CBFU: From the Belgian Shop – Marvel Special

Usually, I do reviews of the weekly comics every Wednesday. Starting this week and continuing the following two weeks, I’m going to focus on something different. Namely the best books out there at the moment. This week I’m focusing on the best series Marvel is publishing right now, next week it’ll be DC and the week after I’m going to focus on the creator owned series of the moment.

So if you’re late to the party and want to know what the best titles of the All-New, All-Different Marvel universe are, or if you just want to know if there’s stuff you missed, this is the place to come.

For reviews of this week’s issues, go to CBFU: From the Shop where Sam and Isaac tell you what the good books of this week are.

So without further ado, here’s my list!

5. Doctor Strange by Jason Aaron & Chris Bachalo.

As most people probably know, Jason Aaron is one of the best writers at the moment. With books like Mighty Thor, Southern Bastards and the main Star Wars title currently, he sure deserves the Eisner award he recently won for best writer. Doctor Strange is no exception to this list of great comics.

Currently this series is 10 issues in and we already got treated with two completed storylines. The first one was actually a prelude to the second one, Last Days of Magic, but it wasn’t just that. It was a great introduction to Doctor Strange as a character and what he does, for people who aren’t familiar with him. And there are many, because he hasn’t been given a lot of spotlight in the Marvel NOW! Universe before Secret Wars. The only place he was really active was in Hickman’s Avengers/New Avengers run, where he was also more missing than present.

The first arc introduces a new character to the series and we follow the Doctor’s practices through her eyes. We learn that every spell has its price and that the Doctor suffers from many different weird ailments. We learn that there are monsters everywhere but we just can’t see them. We learn that the Doctor’s house is even more magical than we presumed and most of all, we learn to never open his fridge. It introduces a lot of new elements to his mythology, which are all fundamental layers that Aaron builds upon to create his second arc, Last Days of Magic.

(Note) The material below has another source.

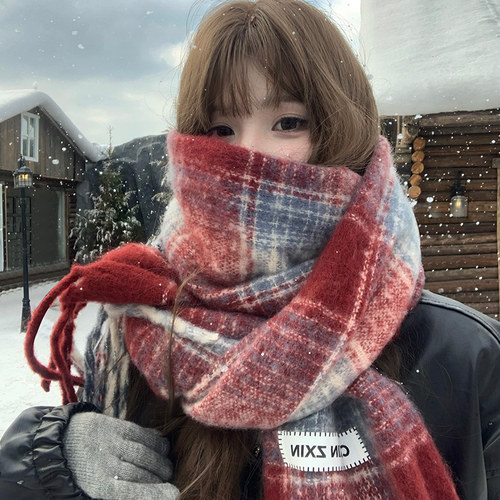 艾佳微格子围巾女冬季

This second arc deals with the fact that a group of alternate dimension scientists are trying to kill all the magic in the world and the universe. Doctor Strange has to go through all of his known dimensions to try and gather all the magical remnants he can find that aren’t destroyed yet. It is a blockbuster arc that will forever be remembered as one of the best Doctor Strange stories ever told.

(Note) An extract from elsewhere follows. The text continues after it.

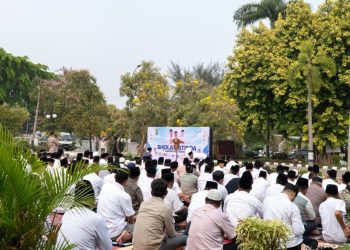 Ponpes Sumber Barokah Ikuti Salat Istisqa di Halaman Pemkab Karawang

Chris Bachalo’s artwork is amazing. It is very detailed, he has really great monster designs and his panels aren’t just the ordinary rectangles. He uses magical trees and plants to separate the panels and his splash pages are just amazing. There is so much detail in every panel that it is beyond me how he can keep up with a monthly schedule without flaw.

Why it’s one of the best series at the moment:
It acknowledges all of Stephen Strange’s mythos, while adding a whole new part to it. It takes a character that was almost forgotten and it brings it back to one of the most interesting heroes of the Marvel universe. It starts from scratch and builds a world where magic is an everyday thing and where even a Sorcerer Supreme finds time to go to a bar. And the Last Days of Magic storyline is a serious summer blockbuster and delves into a part of the Marvel universe that hasn’t been explored all that much.

4. Black Widow by Mark Waid & Chris Samnee.

Mark Waid, arguably one of the best comic book writers ever, teams up once again with Chris Samnee to deliver another stunning comic. Their previous run together was with Daredevil, which was so great it got an Eisner award for best continuing series in 2012. To me, this Black Widow book seems like it’s going to be even better than that.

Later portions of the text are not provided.